Any sensible commentator must pause and ask why has the PM moved from "vikas" to "conspiracy of Pakistan". Also, will it work? The editor of one of the leading local Gujarati channels says it is targeted at Ahmedabad and Vadodra, urban seats that were and remain at the core polarized. It's a last ditch attempt to remind voters that "Muslims" still present a danger and they should not forget their "Hindu" credentials. He is also of the view that this is the outcome of uncertainty after the first phase, where local media and (interestingly RSS) internal assessments are showing losses in several seats.

Given the PM's personal popularity in Gujarat, he has probably calculated that such statements may do him no harm and there is a small chance that they can activate and motivate a small percentage of the ideologically-committed voter of an older generation. Yet, one cannot but also conclude come that the PM has resorted to such rhetoric because things are not going as smoothly as he would have hoped.

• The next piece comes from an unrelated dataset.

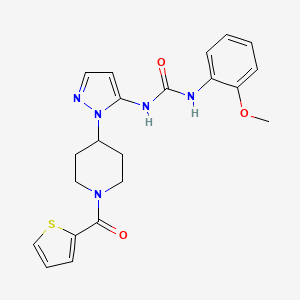 molecular formula C21H23N5O3S B3837904 N-(2-methoxyphenyl)-N'-{1-[1-(2-thienylcarbonyl)-4-piperidinyl]-1H-pyrazol-5-yl}urea 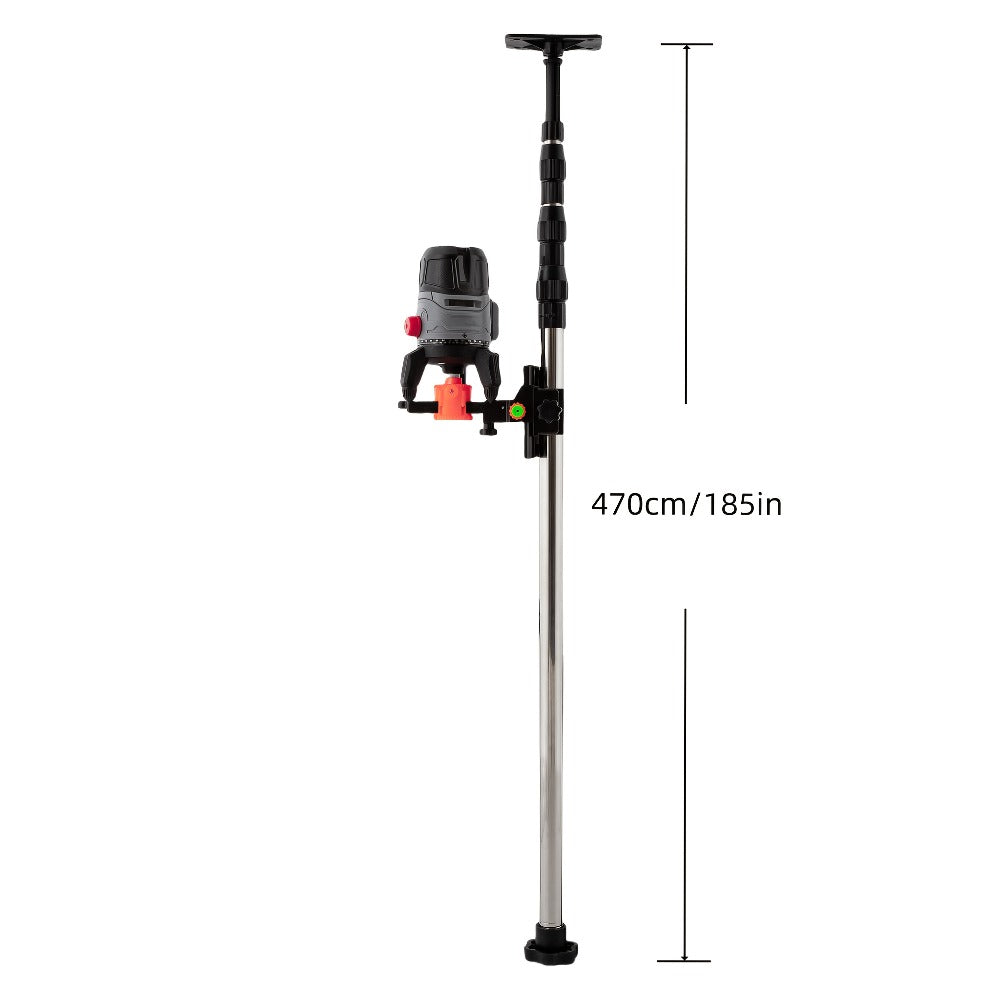 Telescoping Laser Level Pole 15.4ft / 4.7m ¨C Adjustable Extension Rod with 1/4¡±-20 & 5/8¡±-11 Thread Mount for Rotary and Line Lasers, Professional Surveying & Construction Staff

Social commentator and author of The Shaping of Modern Gujarat, Achyut Yagnik, says it's a response to the caste challenge thrown up by the Patidars and the Dalits, that Gujarat as the laboratory of Hindutva has its own set of responses and all of this is designed to make voters think of themselves as Hindus first before they separate into caste entities. But he is of the view that "I don't think it evokes a response in people now when real issues are linked to livelihood". 

DEAD AND LIVING MUSLIMS

There is something pathetic about an election where Muslims are completely out of the frame, yet are being constantly evoked as villains and as a lurking danger. The Congress does not want a Muslim to even sneeze near Rahul Gandhi, yet any Muslim presence in the party is being called out by the BJP, such as the false probability of Ahmed Patel being Chief Minister.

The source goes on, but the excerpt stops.